When you see people who are starving, it seems like a natural impulse to want to feed them. Unfortunately, politicians are trying to circumvent this very human response by outlawing private individuals and groups from giving free food to the homeless.
Forget belittling the rich, this is real class warfare. By forbidding people from sharing meals with the poor, politicians are exacerbating the crisis rather than improving it. As backwards as it is to pretend that hunger disappears when groups stop feeding the homeless, a disappointing number of cities have adopted this policy:
Tragically, rather than seeing that list shrink, recent weeks have shown that the list is actually expanding. Here are three recent bans on feeding the homeless:
1. Crazy Faith Ministries
For two years, Crazy Faith Ministries gathered in a public parking lot to feed Olympia, Washington’s homeless population. When local businesses complained, city politicians attempted to shut down the Christian group’s charitable act, but Crazy Faith Ministries refused to comply since there were no legal grounds.
Subsequently, the City Council found a legal reason, namely by passing a new law requiring groups to obtain expensive permits to gather in a public parking lot. Though the politicians claim they weren’t targeting Crazy Faith Ministries specifically, they acknowledge stopping the food service will improve “traffic” in the area. Think of all the malls and businesses that generate traffic jams that aren’t considered “problems”!
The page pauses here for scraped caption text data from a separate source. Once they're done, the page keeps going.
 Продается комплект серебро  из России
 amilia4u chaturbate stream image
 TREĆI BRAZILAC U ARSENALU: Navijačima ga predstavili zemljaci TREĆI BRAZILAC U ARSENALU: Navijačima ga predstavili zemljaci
While some politicians have said they will help the group find a better location to serve the homeless, Crazy Faith representatives say that no one has followed through on that claim.
2. The Buttery Shelf
Many believe that it should be up to individuals to take care of the poor rather than the government, yet when a local business steps up to feed the hungry, the powers that be intervene to shut that down, too. Case in point: the Buttery Shelf Eatery in Lafayette, Indiana. Cherrie Buckley, the diner’s owner and all around good person, gave away free meals each Thursday to people in need… that is until fellow local business owners started suing Buckley, as reported by Care2′s Kristina Chew earlier this week.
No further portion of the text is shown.